In [65]:
# -*- coding: utf-8 -*-
#  Copyright 2024 -  United Kingdom Research and Innovation
#  Copyright 2024 -  The University of Manchester
#
#  Licensed under the Apache License, Version 2.0 (the "License");
#  you may not use this file except in compliance with the License.
#  You may obtain a copy of the License at
#
#      http://www.apache.org/licenses/LICENSE-2.0
#
#  Unless required by applicable law or agreed to in writing, software
#  distributed under the License is distributed on an "AS IS" BASIS,
#  WITHOUT WARRANTIES OR CONDITIONS OF ANY KIND, either express or implied.
#  See the License for the specific language governing permissions and
#  limitations under the License.
#
#  Authored by:    Margaret Duff (STFC-UKRI)
# 

# CIL Preconditioner and step size methods demonstration 


In [66]:
from cil.utilities import dataexample
from cil.utilities.display import show2D
from cil.recon import FDK
from cil.processors import TransmissionAbsorptionConverter, Slicer
import numpy as np
import matplotlib.pyplot as plt 
from cil.plugins.tigre import ProjectionOperator
from cil.optimisation.algorithms import GD
from cil.optimisation.functions import LeastSquares, L2NormSquared
from cil.optimisation.operators import MatrixOperator
from cil.optimisation.utilities import callbacks, StepSizeMethods, preconditioner
from cil.framework import  VectorData


# set up default colour map for visualisation
cmap = "gray"

# set the backend for FBP and the ProjectionOperator
device = 'gpu'



## Load Data

In this example, we utilize CIL's simulated sphere data. To accelerate computations in this notebook, we extract a 2D slice from the 3D dataset. Additionally, we select a subset of angles to create a limited-angle reconstruction scenario. We will then compare the ground truth data with a filtered back projection (FBP) reconstruction under these limited-angle conditions.

In [None]:
ground_truth = dataexample.SIMULATED_SPHERE_VOLUME.get()

data = dataexample.SIMULATED_CONE_BEAM_DATA.get()

data = data.get_slice(vertical='centre')
ground_truth = ground_truth.get_slice(vertical='centre')

absorption = TransmissionAbsorptionConverter()(data)
absorption = Slicer(roi={'angle':(0, -1, 5)})(absorption)

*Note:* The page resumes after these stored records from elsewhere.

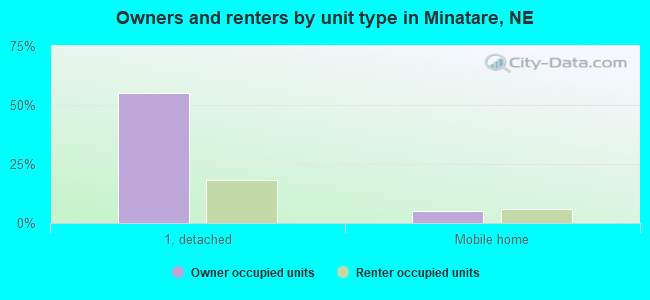 Owners and renters by unit type in Minatare, NE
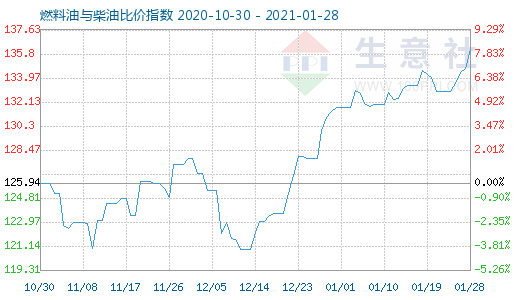 1月28日燃料油與柴油比價指數(shù)圖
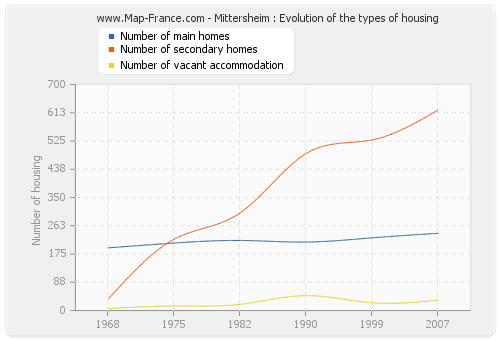 Mittersheim : Evolution of the types of housing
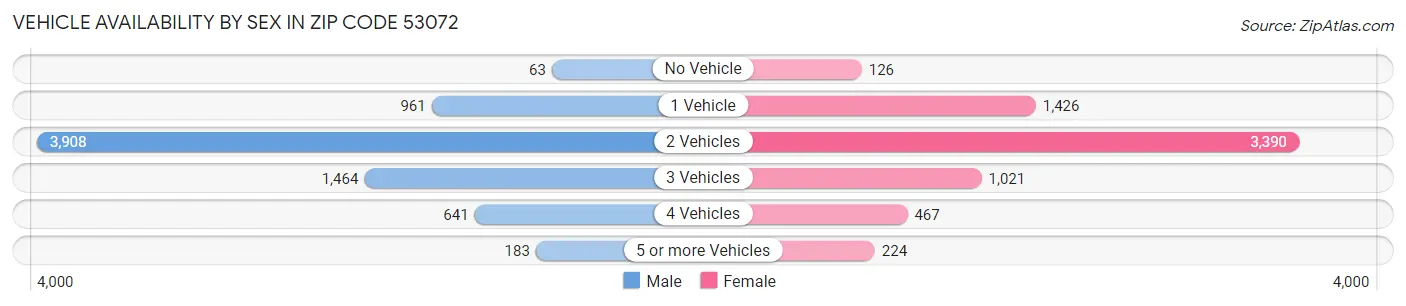 Vehicle Availability by Sex in Zip Code 53072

ig = ground_truth.geometry

recon = FDK(absorption, image_geometry=ig).run()
show2D([ground_truth, recon], title = ['Ground Truth', 'FDK Reconstruction'], origin = 'upper', num_cols = 2)


## Gradient descent with a fixed step size 

We first consider regularising this limited angle CT reconstruction problem with Tikhonov regularisation:
$$ \arg\min_x \|Ax-y\|_2^2 + \alpha \|x\|_2^2 $$ 
where $x$ is the image we wish to reconstruct, $A$ the forward CT operator and $y$ the measured data. The regularisation parameter $\alpha$ is chosen to balance the first, data discrepancy, term and the second, regularisation, term. 

As a starting point, consider solving this optimisation problem with an arbitrary fixed step size, 1e-6.

In [None]:
alpha=0.1   
A = ProjectionOperator(image_geometry=ig, 
                       acquisition_geometry=absorption.geometry)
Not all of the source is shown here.